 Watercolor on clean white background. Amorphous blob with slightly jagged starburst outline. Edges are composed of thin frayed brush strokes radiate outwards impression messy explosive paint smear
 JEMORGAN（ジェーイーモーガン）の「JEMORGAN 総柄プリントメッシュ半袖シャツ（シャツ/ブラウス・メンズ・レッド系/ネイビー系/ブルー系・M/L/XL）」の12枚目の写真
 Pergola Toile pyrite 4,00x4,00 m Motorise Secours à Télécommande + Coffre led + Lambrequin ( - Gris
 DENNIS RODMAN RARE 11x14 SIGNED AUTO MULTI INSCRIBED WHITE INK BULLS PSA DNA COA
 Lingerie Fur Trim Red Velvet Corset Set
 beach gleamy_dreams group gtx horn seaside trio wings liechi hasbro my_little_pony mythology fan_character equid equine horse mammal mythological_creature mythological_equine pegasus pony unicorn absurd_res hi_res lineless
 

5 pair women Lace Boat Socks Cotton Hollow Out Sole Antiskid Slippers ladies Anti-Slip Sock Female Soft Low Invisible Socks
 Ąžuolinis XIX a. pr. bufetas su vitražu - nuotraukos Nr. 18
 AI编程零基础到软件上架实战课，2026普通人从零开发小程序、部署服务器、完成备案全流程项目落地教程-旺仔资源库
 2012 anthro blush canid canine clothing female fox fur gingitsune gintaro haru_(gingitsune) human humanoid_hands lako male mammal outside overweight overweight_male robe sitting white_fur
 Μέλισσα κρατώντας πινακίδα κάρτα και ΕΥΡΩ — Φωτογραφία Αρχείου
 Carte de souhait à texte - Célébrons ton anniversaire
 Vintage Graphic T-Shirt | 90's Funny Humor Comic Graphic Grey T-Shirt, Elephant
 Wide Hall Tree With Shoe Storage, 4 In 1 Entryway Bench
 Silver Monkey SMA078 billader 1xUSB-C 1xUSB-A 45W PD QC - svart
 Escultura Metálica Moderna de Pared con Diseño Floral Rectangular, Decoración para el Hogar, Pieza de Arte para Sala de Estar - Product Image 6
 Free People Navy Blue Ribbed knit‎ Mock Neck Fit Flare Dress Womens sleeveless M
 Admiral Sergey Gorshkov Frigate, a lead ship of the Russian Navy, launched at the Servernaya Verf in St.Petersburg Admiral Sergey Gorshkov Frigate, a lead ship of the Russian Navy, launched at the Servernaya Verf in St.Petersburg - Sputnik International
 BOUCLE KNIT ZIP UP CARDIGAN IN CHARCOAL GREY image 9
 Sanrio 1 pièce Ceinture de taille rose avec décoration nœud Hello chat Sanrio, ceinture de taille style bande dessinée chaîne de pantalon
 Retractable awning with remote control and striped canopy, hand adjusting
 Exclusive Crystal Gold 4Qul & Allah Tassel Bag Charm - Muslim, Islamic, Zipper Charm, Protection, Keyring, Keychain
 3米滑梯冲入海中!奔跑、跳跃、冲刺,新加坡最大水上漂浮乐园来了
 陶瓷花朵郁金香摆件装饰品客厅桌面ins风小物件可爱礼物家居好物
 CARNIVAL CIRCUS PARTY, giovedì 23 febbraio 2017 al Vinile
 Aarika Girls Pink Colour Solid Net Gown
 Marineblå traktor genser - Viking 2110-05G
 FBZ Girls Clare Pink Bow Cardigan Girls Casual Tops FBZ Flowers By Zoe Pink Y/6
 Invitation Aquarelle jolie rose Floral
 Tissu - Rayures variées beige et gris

> [Problem to work on]: An exact copy of the entries from the line containing "BOUCLE KNIT ZIP" through the last line is the expected answer.

> [Written solution]:
 BOUCLE KNIT ZIP UP CARDIGAN IN CHARCOAL GREY image 9
 Sanrio 1 pièce Ceinture de taille rose avec décoration nœud Hello chat Sanrio, ceinture de taille style bande dessinée chaîne de pantalon
 Retractable awning with remote control and striped canopy, hand adjusting
 Exclusive Crystal Gold 4Qul & Allah Tassel Bag Charm - Muslim, Islamic, Zipper Charm, Protection, Keyring, Keychain
 3米滑梯冲入海中!奔跑、跳跃、冲刺,新加坡最大水上漂浮乐园来了
 陶瓷花朵郁金香摆件装饰品客厅桌面ins风小物件可爱礼物家居好物
 CARNIVAL CIRCUS PARTY, giovedì 23 febbraio 2017 al Vinile
 Aarika Girls Pink Colour Solid Net Gown
 Marineblå traktor genser - Viking 2110-05G
 FBZ Girls Clare Pink Bow Cardigan Girls Casual Tops FBZ Flowers By Zoe Pink Y/6
 Invitation Aquarelle jolie rose Floral
 Tissu - Rayures variées beige et gris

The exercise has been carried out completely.